Data

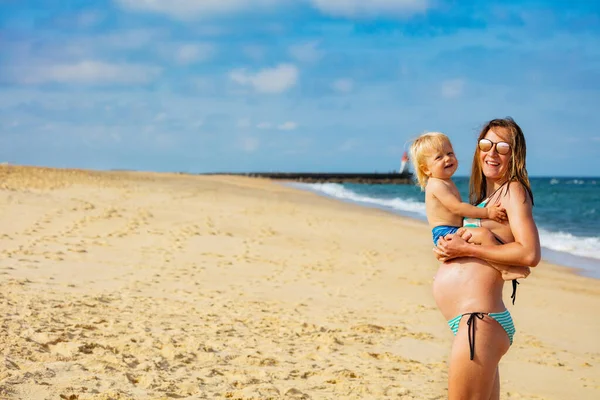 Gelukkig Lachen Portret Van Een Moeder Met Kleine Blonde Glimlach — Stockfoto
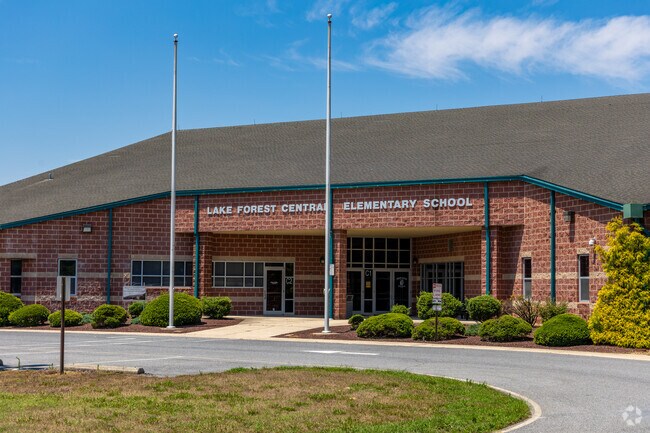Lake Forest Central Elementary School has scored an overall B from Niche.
* * *
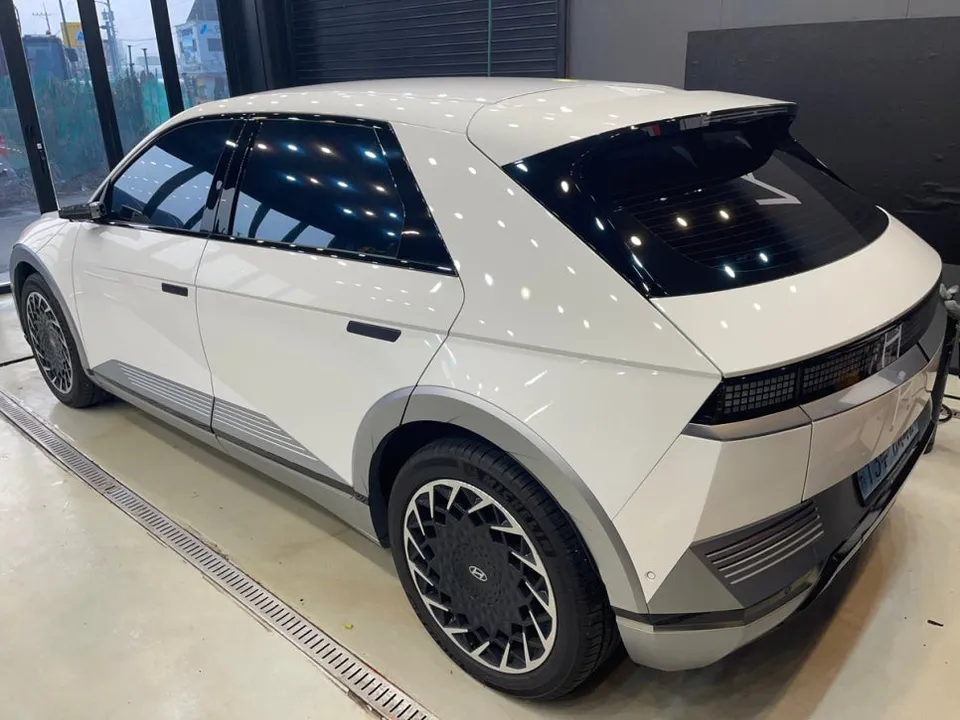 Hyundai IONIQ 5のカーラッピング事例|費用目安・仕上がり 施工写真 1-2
==
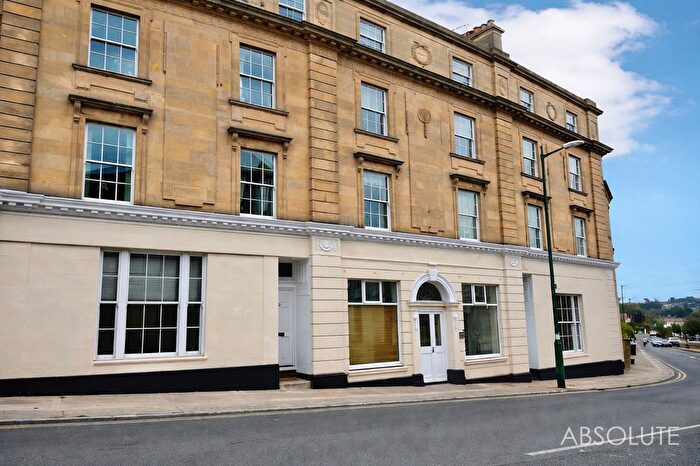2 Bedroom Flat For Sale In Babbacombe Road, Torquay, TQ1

What you need to do
Given the listing above, repeat exactly the lines starting at the one with "Gelukkig Lachen Portret" and ending at the one with "Lake Forest Central", inclusive, excluding pictures.

Answer to this exercise
 Gelukkig Lachen Portret Van Een Moeder Met Kleine Blonde Glimlach — Stockfoto
Lake Forest Central Elementary School has scored an overall B from Niche.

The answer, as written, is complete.